Use browser Developer Tools (F12) → Console and Network panels while testing. Look for blocked requests, 3rd-party script failures, or console warnings that reference an extension or a request being intercepted; that information identifies which extension to target.
If the issue remains after disabling extensions and testing in multiple browsers/profiles, try the same test on a different device or a freshly installed browser to rule out system-level network or security software interference.
Reduce repository size by removing large assets or splitting projects
Delete or replace assets larger than 500 KB and aim for a total project archive below 10 MB to reduce sync and transfer failures.
Identify heavy files precisely: File → Save to your computer to download the .sb3, change the extension to .zip, unzip and sort files by size. Large images (.png/.jpg) and uncompressed audio (.wav) are usually the biggest offenders; filenames in the assets folder show exact bytes.

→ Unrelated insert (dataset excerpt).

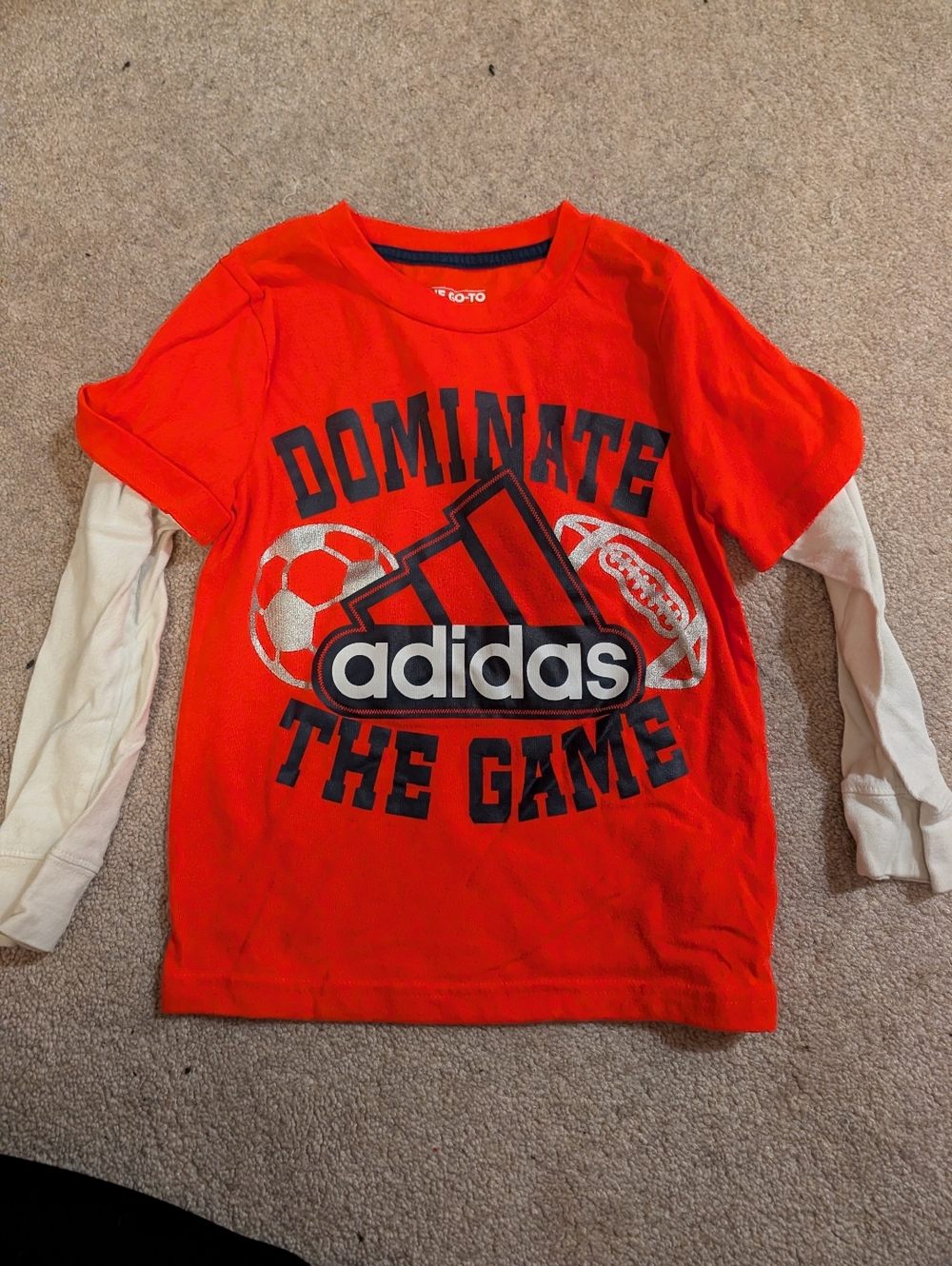 adidas Kids 5 "Dominate The Game" Orange Long Sleeve Tee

Optimize images: convert photographic PNGs to JPG (quality 70–85%), run PNGs through pngquant or TinyPNG (command example: pngquant –quality=65-80 input.png -o output.png), convert complex bitmaps to vector costumes when shapes allow, and reduce costume dimensions by 50–75% for high-resolution assets.
Trim and re-encode audio: remove leading/trailing silence and extra channels, set sample rate to 22,050 Hz, export mono OGG/MP3 at 64–96 kbps using Audacity (File → Export → OGG, choose lower quality setting) or an online encoder; prefer OGG for smaller size with acceptable quality.
Remove unused costumes, sounds and clones inside the editor: open each sprite, delete redundant costumes and sound files listed in the Costumes/Sounds tabs before exporting. Check extensions and large variable lists – embedded data URLs or huge lists increase archive size.
Split large projects into modules: export individual sprites (right-click sprite → export) or save single-sprite project files and create a minimal “core” project containing shared assets (sprites, sounds, custom blocks). Create separate projects for levels, scenes or lessons that import only the needed core assets to stay small.
When reassembling, import exported sprite files (Choose File → Load from your computer or right-click → import) rather than copying every asset between full projects. Keep a versioned folder on your computer with compressed assets and a manifest (name, size, purpose) to avoid re-uploading oversized files.
After changes, re-export the .sb3 and verify final size. If still above target, repeat image/audio compression or further split content into additional projects until the archive is consistently under the recommended limit.